# Siche Treiber!!!



## Sebaz (21. Dezember 2002)

Tachen,

meine Eltern haben sich vor etwa zwei Jahren ein Komplettsystem von natcomp gekauft. Ich suche jetzt XP-Treiber für das Board, aber die Firma ist insolvent und die Internetpräsenz ist nicht mehr erreichbar... Kann mir da jemand weiterhelfen???

Schöne Grüße

Sebaz


----------



## znysk (21. Dezember 2002)

Was fürn Board is es denn?
(Rechner auf und gucken was drauf steht)

und dann Google: Name + mainboard treiber oder einfach mal den Namen verraten.
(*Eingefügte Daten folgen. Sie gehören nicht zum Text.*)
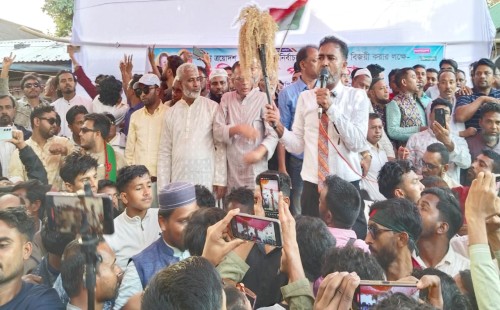 সুনামগঞ্জ-১ আসনে ধানের শীষের প্রার্থী আনিসুল হকের সমর্থনে তাহিরপুরের বাদাঘাট বাজারে মোটর শোভাযাত্রা ও জনসমাবেশ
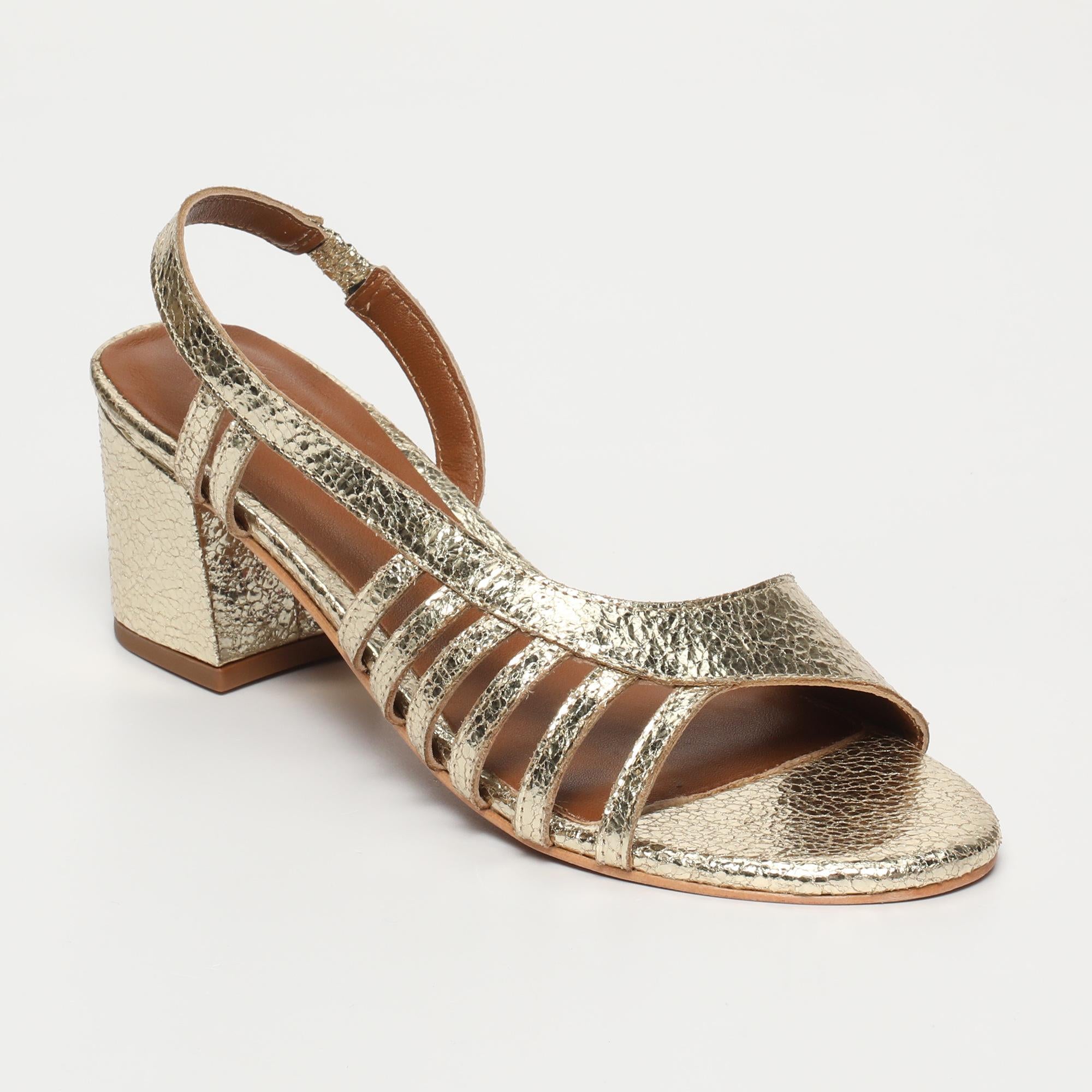 DEEKSHA sandales talon en cuir or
(komisch, eigentlich kennt XP doch so viel)


----------



## Sebaz (27. Dezember 2002)

Das war mir schon klar, das Problem ist nur (ich hatte vergessen es zu erwähnen, mein ehler...), das es irgendein dummes NoName-Board ist. Auf der Treiber-CD, auf der blöderweise kein XP-Treiber für Audiocontroller u.ä. drauf ist, steht nur SystemBoard pc100 cund eine Versionsnummer und unter den Suchbegriffen findet sich bei Google nichts...


Schöne Grüße

Sebaz


----------



## Sebaz (27. Dezember 2002)

Ich habe die CD jetzt nochmal gründlich durchsucht und doch noch XP-fähige Treiber gefunden.... 

Trotzdem Danke für die Hilfe!!!

Schöne Grüße

Sebaz


----------